There are a lot of gems to be mined from this clearly aligned sequence of 3 lessons. The first is a concise method for writing crisp and pithy prose. Using a couple example passages from equally challenging writers, students discuss the nature of "the economy of language." Students are then asked to revise Shakespeare. Like the Rowan Atkinson and Hugh Laurie sketch, they are asked to revise Hamlet. Specifically, students look at the soliloquy from Act I, Scene ii about Hamlet's "too too sullied flesh." They are asked to keep track of and justify each decision in the revision process based on the discussion from the presentation. The key step comes after the second class period when students apply all of the techniques they have developed in terms of revising for the economy of language to the peer review of each other's work. Knowledge without action is useless; however, the instant application of skills gleaned from literary analysis and critical thinking to the writing process builds retention and relevance. The conversations in peer groups coupled with the revision of the initial draft provide the framework for a lesson of enduring value.

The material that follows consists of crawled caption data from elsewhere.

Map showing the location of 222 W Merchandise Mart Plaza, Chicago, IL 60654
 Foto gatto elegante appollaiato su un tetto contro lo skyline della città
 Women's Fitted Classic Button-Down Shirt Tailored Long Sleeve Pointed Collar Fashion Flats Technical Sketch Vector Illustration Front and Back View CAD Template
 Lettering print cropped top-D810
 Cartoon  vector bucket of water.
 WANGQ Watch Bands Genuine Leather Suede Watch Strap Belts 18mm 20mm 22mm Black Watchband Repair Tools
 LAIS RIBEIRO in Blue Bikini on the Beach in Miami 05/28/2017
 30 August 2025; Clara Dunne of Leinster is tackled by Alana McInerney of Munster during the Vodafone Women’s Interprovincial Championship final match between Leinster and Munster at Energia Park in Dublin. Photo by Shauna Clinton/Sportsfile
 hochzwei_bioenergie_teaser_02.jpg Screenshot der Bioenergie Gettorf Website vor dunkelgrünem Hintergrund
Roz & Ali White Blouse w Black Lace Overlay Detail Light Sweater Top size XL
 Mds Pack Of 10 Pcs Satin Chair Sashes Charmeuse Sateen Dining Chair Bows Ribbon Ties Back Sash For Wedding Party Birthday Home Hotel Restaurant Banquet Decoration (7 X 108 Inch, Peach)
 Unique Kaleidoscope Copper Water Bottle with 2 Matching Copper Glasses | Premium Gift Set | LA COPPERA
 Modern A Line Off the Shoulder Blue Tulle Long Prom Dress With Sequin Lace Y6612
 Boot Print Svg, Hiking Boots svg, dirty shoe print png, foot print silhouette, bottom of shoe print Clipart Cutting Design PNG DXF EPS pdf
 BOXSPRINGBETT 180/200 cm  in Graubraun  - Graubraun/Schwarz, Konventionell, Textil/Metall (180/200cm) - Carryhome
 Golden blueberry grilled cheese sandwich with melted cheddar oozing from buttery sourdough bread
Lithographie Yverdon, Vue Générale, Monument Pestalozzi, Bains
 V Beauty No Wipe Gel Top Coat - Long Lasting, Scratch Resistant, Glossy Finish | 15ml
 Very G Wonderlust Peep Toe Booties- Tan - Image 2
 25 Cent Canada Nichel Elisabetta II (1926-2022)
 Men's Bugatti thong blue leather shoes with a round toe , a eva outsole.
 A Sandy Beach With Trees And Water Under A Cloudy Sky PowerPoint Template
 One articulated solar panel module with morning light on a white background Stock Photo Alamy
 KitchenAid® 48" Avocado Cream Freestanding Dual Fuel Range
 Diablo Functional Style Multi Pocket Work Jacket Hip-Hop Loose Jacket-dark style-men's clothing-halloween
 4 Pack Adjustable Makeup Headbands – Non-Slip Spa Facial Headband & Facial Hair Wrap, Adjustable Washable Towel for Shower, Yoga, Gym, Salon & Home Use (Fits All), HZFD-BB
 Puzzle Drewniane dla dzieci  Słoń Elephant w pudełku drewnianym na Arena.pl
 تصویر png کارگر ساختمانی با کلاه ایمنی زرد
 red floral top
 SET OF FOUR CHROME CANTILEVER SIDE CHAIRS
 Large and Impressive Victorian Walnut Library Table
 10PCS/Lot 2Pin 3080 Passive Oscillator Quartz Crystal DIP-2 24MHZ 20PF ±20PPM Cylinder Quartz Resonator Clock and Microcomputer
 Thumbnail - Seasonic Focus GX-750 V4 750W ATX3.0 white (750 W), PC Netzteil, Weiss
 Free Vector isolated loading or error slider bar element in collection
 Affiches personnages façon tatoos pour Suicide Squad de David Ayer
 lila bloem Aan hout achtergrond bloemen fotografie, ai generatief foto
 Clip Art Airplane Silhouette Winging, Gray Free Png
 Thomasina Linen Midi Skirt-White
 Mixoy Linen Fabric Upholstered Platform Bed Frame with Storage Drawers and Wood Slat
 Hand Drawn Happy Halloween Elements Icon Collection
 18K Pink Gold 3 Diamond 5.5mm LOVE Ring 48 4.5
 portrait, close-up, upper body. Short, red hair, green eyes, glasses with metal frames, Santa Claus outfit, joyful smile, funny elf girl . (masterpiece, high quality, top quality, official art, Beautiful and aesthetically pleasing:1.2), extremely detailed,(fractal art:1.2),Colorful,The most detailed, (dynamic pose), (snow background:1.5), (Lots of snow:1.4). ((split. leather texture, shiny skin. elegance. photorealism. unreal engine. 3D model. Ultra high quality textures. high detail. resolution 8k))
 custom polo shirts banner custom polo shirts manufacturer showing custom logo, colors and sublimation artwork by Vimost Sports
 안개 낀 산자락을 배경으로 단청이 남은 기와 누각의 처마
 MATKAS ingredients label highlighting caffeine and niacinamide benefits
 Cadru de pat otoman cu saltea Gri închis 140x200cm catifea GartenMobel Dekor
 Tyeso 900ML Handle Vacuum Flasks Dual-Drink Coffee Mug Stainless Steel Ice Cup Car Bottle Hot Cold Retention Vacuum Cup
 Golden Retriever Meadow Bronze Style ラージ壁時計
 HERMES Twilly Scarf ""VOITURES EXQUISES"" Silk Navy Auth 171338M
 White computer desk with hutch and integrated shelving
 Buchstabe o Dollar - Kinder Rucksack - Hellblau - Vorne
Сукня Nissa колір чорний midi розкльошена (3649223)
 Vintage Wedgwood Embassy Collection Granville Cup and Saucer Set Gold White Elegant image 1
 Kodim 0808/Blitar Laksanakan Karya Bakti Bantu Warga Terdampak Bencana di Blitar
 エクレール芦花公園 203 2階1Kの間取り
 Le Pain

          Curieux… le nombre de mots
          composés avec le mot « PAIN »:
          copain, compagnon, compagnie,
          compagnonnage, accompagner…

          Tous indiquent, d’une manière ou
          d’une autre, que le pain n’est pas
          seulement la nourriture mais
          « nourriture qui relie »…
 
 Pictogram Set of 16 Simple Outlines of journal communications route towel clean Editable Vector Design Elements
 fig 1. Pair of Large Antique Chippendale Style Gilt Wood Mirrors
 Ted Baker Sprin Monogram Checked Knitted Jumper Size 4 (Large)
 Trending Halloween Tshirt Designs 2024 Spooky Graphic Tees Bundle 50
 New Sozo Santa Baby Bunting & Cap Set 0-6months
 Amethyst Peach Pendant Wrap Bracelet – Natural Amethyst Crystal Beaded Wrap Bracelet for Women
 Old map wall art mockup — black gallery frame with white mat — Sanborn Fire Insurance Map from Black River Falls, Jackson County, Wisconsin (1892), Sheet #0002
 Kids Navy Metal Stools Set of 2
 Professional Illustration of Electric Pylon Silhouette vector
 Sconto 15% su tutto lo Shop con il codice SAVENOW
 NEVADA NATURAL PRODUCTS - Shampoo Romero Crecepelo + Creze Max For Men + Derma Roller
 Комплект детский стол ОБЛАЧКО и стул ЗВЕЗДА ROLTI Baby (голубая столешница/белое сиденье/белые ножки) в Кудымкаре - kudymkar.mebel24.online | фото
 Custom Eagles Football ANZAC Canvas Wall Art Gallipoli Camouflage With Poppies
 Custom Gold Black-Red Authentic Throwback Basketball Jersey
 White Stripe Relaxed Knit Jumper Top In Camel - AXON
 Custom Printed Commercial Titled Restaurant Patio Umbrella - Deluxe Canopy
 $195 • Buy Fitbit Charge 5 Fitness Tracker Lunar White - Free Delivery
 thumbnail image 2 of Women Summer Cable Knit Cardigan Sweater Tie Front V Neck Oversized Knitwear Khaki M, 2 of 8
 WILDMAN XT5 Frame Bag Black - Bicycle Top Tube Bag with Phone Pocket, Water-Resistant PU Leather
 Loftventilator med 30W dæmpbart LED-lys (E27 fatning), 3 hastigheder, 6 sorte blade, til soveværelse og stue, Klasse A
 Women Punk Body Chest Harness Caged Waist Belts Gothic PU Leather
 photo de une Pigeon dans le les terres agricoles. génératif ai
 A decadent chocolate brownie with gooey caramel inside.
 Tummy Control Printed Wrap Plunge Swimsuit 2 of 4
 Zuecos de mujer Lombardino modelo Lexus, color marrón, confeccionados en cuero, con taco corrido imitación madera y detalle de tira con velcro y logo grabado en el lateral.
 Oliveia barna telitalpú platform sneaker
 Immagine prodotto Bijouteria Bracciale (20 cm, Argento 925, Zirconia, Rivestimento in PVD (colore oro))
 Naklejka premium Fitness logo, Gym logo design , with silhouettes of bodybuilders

Check out the full lesson plan complete with presentation and handout here. The next time I go to teach a novel or play and then have students write a literary analysis essay, I plan on using a piece of the text as a model for a portion of the writing process; maybe I'll use that scene where Nick enters the Buchanan residence for the first time to teach about the value of powerful and vivid language. I can think of no other scene in literature that so readily calls up the whirlwind of the 1920s: all of that elegance and class caught up in the violence of a summer wind. The first time I read that scene, it stood out as picturesque and calm; on my second visit, the spectres of Wilson, Myrtle, and Gatsby reared up, reminding me of the fact that these elegant, yet careless people will be responsible for the suffering of so many others. The words didn't change; I did. As I developed greater understanding through multiple readings of that passage, perhaps my students returning to that passage to explore a new writing skill may gain some new insight. In the study of the words, they get a chance to revise their original impressions and engage the text more deeply: economy of language and economy of instruction time.